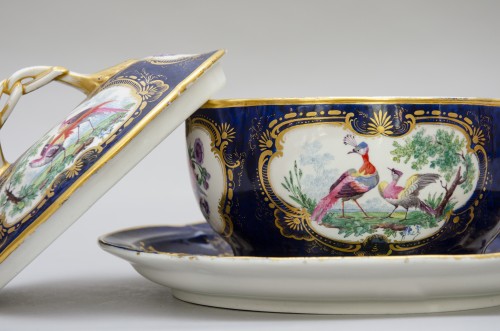 Porcelain & Faience  - Stunning covered sauce tureen on stand, First period Worcester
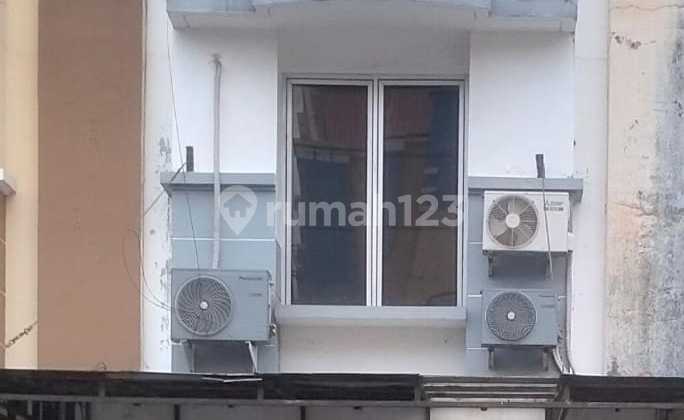 3-Story Shop House in Harapan Indah, Bekasi 3-Story Shop House in Harapan Indah, Bekasi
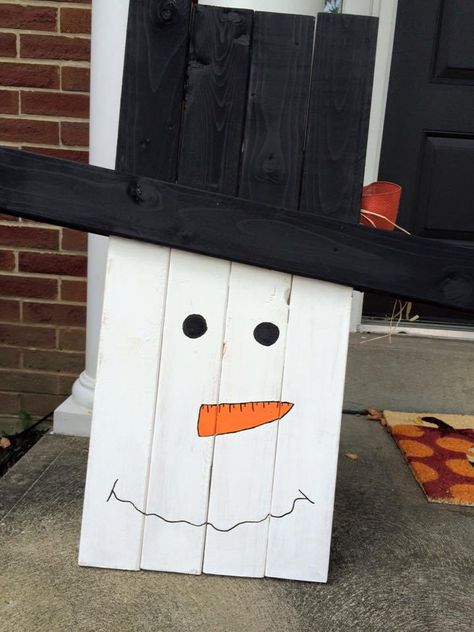 DIY Reversible Scarecrow To Snowman Pallet Pallet Snowman, Diy Scarecrow, Love Of Family, Pallet Christmas, Pallet Crafts, Fall Outdoor Decor, Christmas Wood Crafts, Crafts To Make And Sell, Snowman Crafts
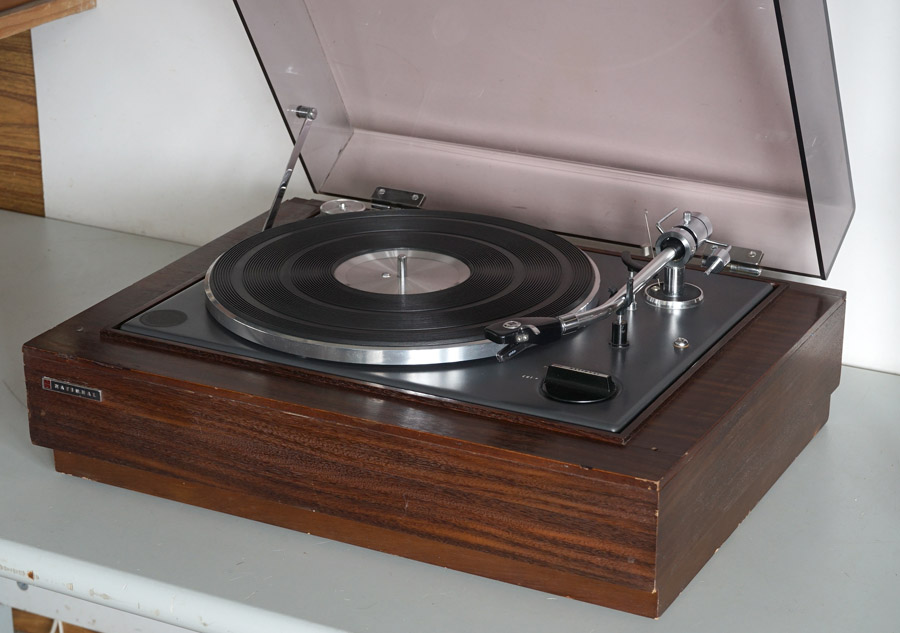 National Belt Drive Vintage Turntable picture 3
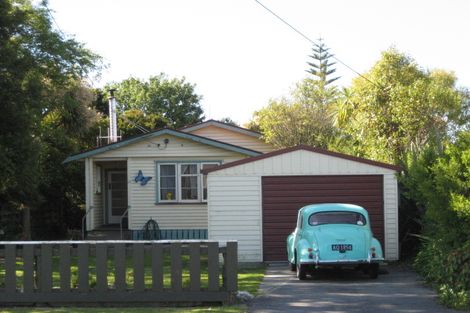 Photo of property in 39 Wakefield Street, Westport, 7825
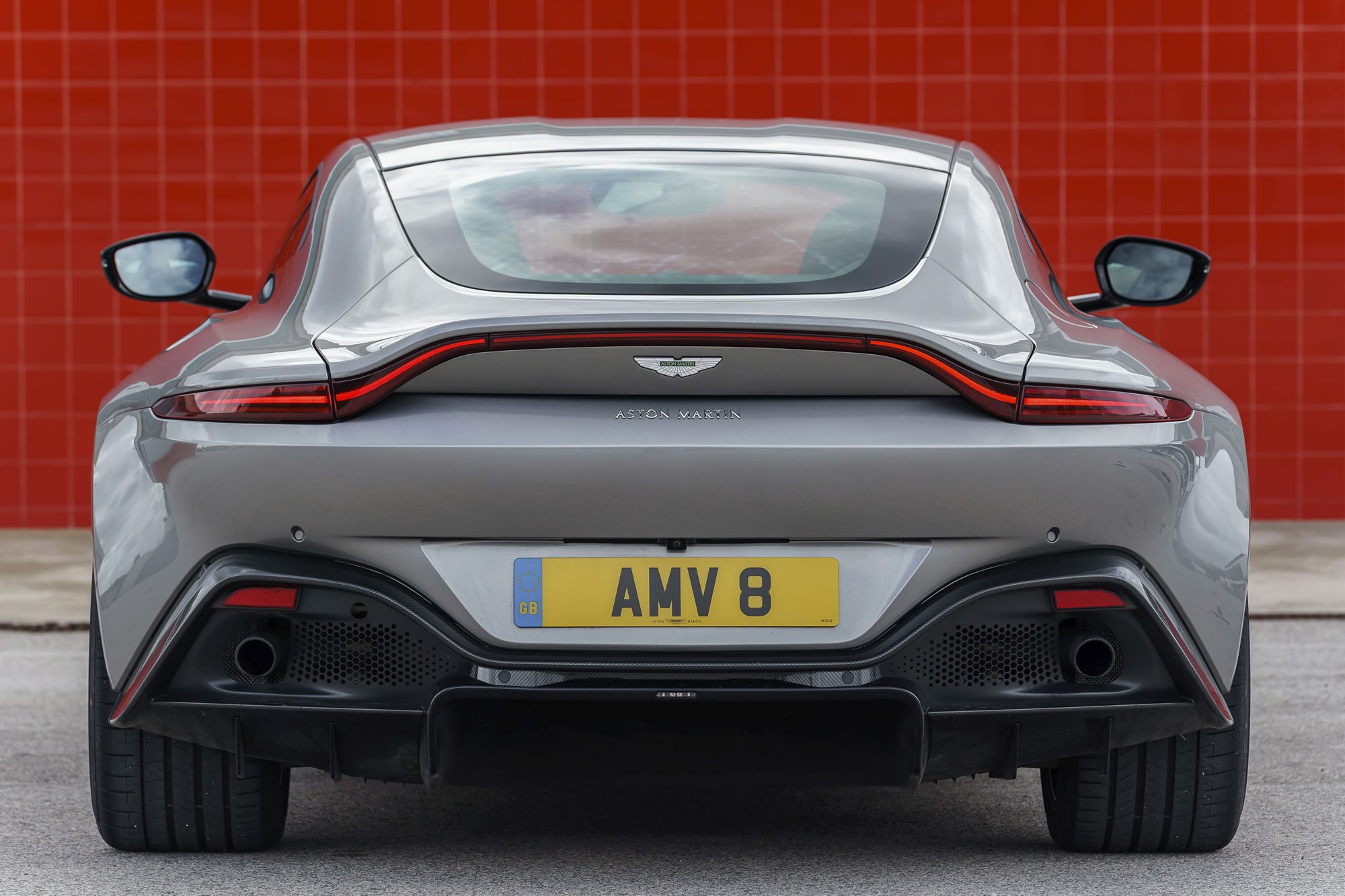 nuevo aston martin vantage 2019 v8 amv 8  portugal 11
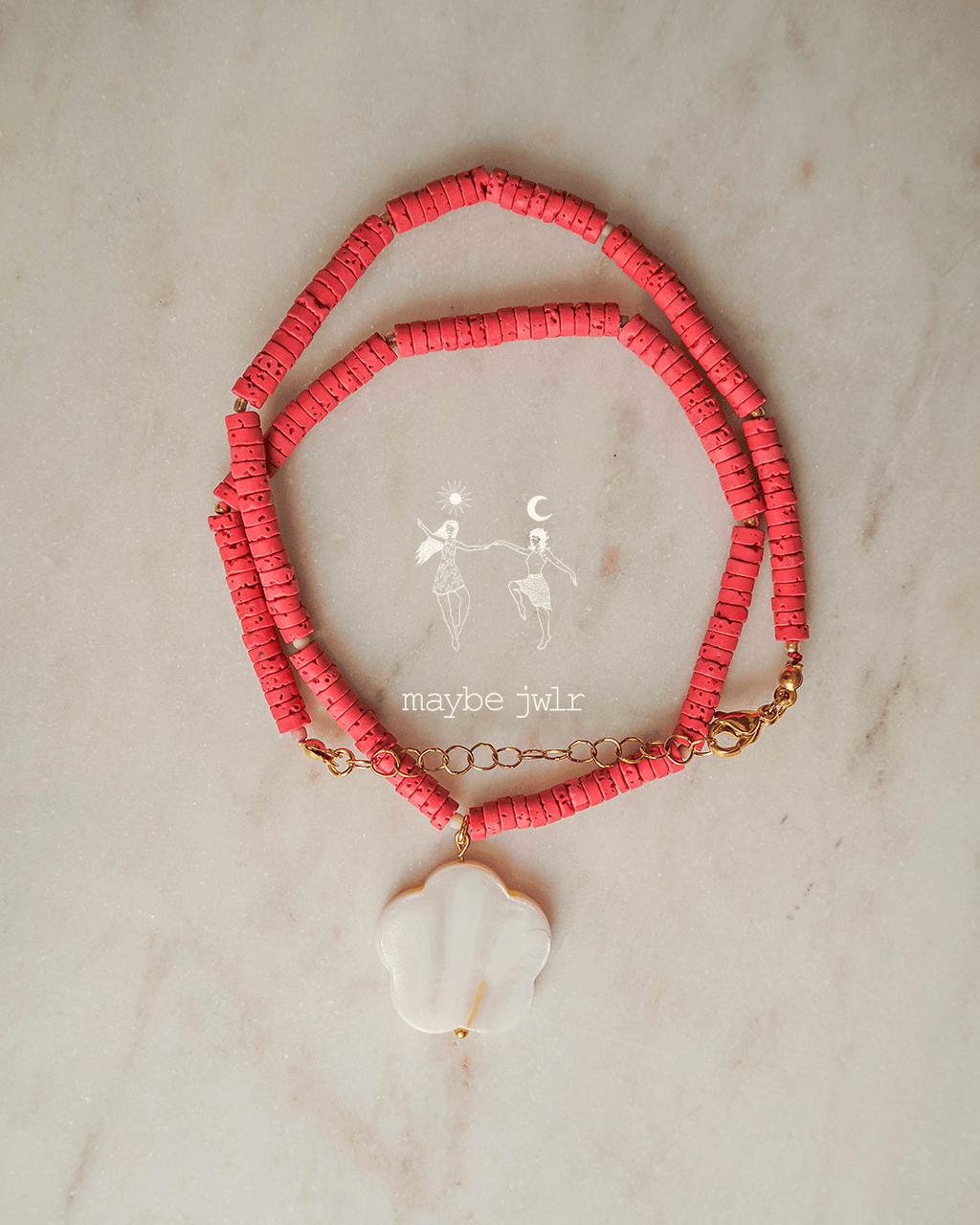 SINA naszyjnik z lawy wulkanicznej z kwiatem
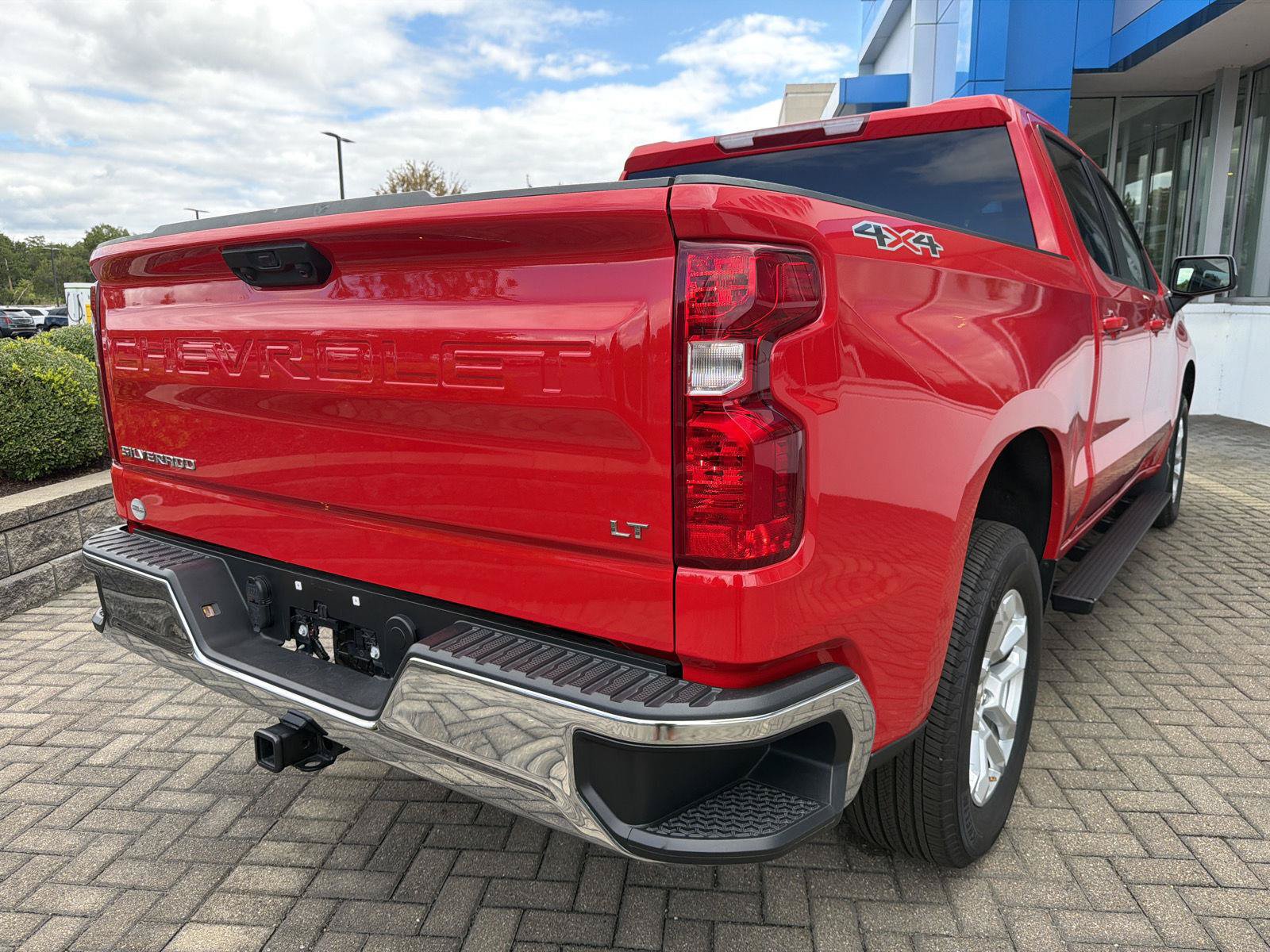 Certified 2025 Chevrolet Silverado 1500 LT w/ LPO, Liner Protection Package AWD/4WD image 5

• GOAL OF THE EXERCISE: Please repeat the entries exactly. Do not include the pictures.

• ANSWER SPACE:
 Porcelain & Faience  - Stunning covered sauce tureen on stand, First period Worcester
 3-Story Shop House in Harapan Indah, Bekasi 3-Story Shop House in Harapan Indah, Bekasi
 DIY Reversible Scarecrow To Snowman Pallet Pallet Snowman, Diy Scarecrow, Love Of Family, Pallet Christmas, Pallet Crafts, Fall Outdoor Decor, Christmas Wood Crafts, Crafts To Make And Sell, Snowman Crafts
 National Belt Drive Vintage Turntable picture 3
 Photo of property in 39 Wakefield Street, Westport, 7825
 nuevo aston martin vantage 2019 v8 amv 8  portugal 11
 SINA naszyjnik z lawy wulkanicznej z kwiatem
 Certified 2025 Chevrolet Silverado 1500 LT w/ LPO, Liner Protection Package AWD/4WD image 5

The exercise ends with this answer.